───── TASK MATERIAL

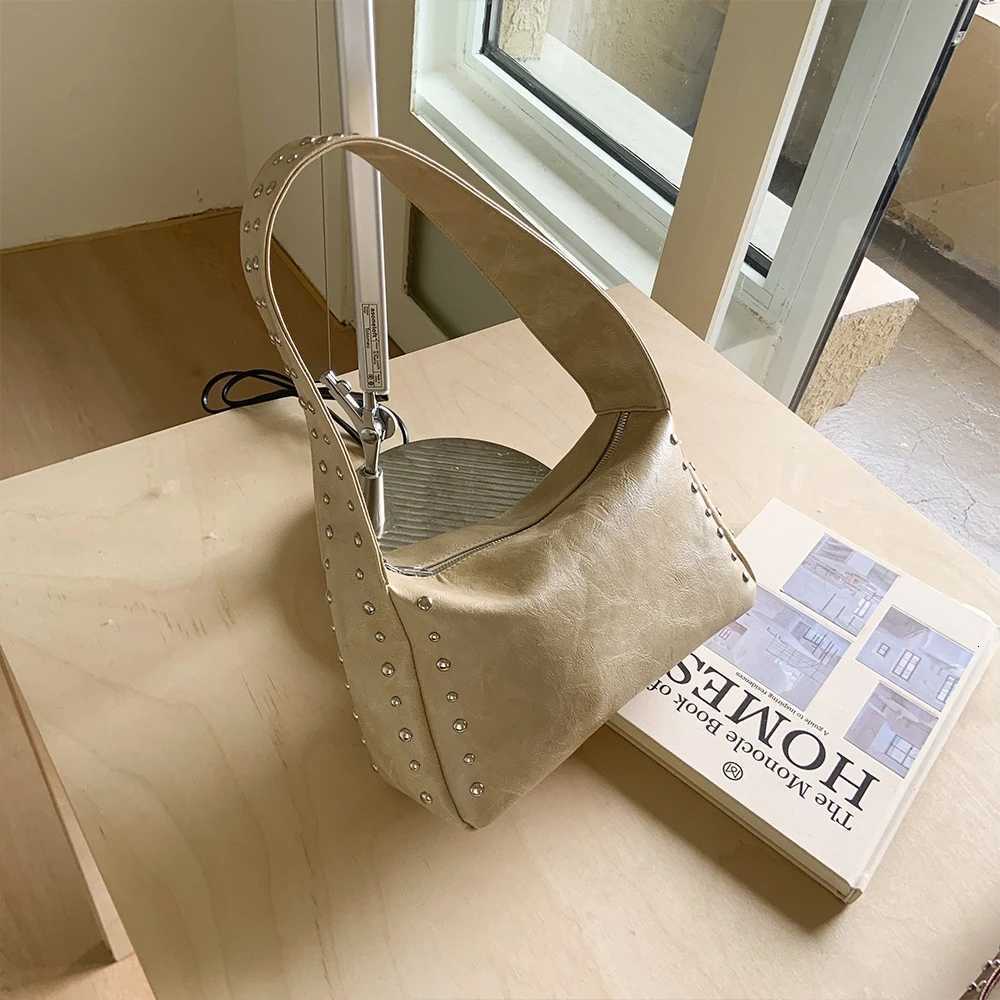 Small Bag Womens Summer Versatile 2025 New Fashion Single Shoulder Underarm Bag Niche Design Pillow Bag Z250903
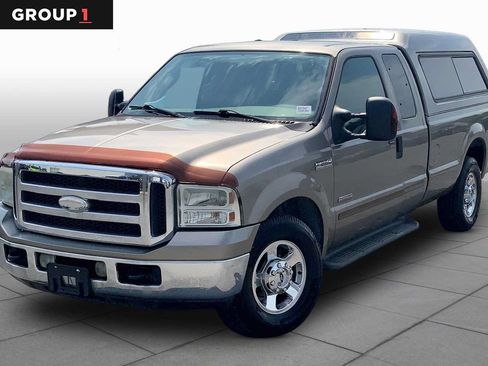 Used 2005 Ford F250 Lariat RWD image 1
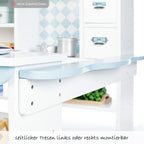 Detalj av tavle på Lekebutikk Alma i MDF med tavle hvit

──────────
───── TASK MATERIAL

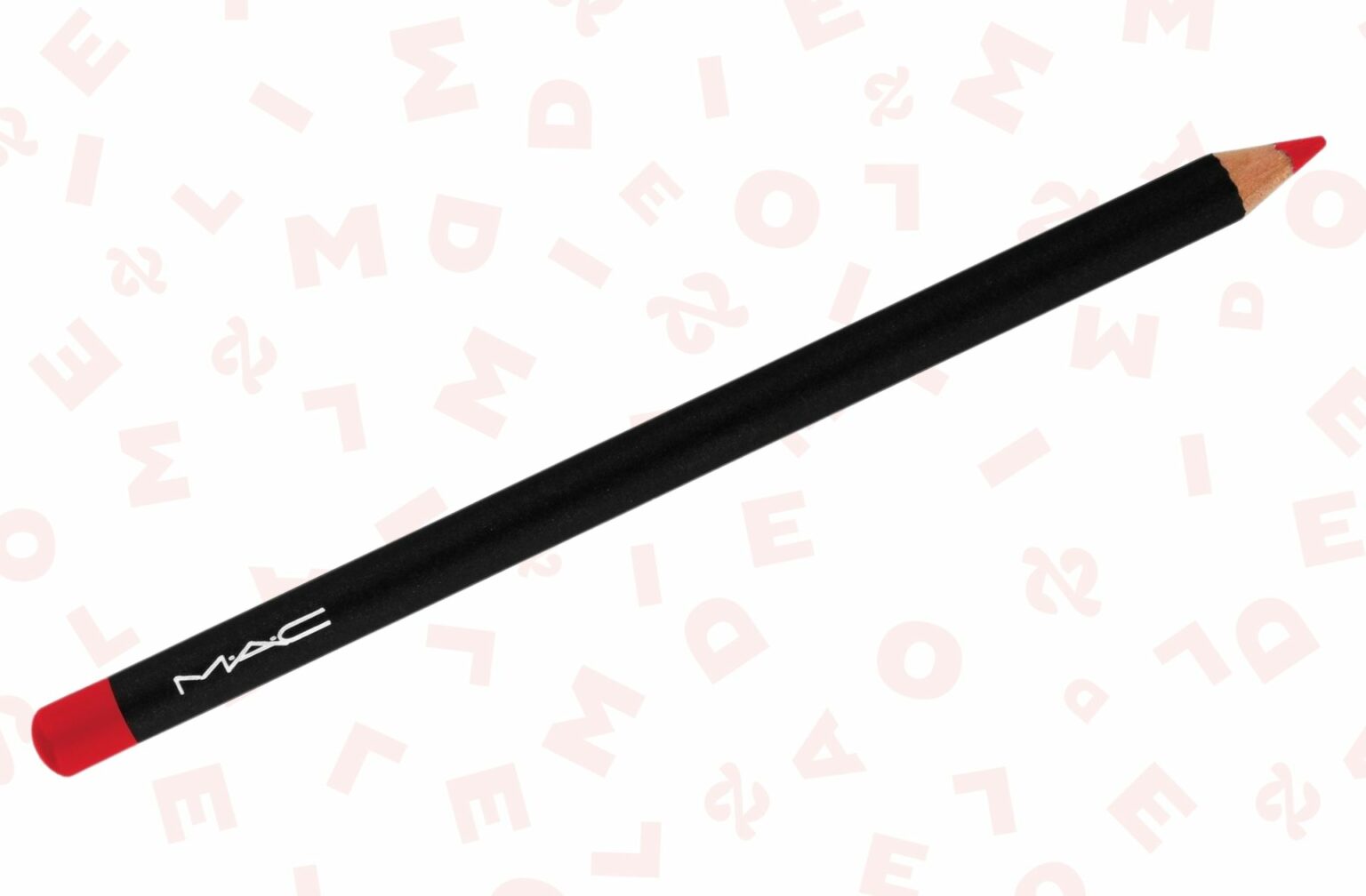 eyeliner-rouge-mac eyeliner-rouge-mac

──────────

_AIM OF THE EXERCISE_:
Nothing but the lines from the one with "Small Bag Womens" to the one with "Detalj av tavle" above, both included, should be transcribed, exactly and without pictures.

_EXPECTED ANSWER_:
 Small Bag Womens Summer Versatile 2025 New Fashion Single Shoulder Underarm Bag Niche Design Pillow Bag Z250903
 Used 2005 Ford F250 Lariat RWD image 1
 Detalj av tavle på Lekebutikk Alma i MDF med tavle hvit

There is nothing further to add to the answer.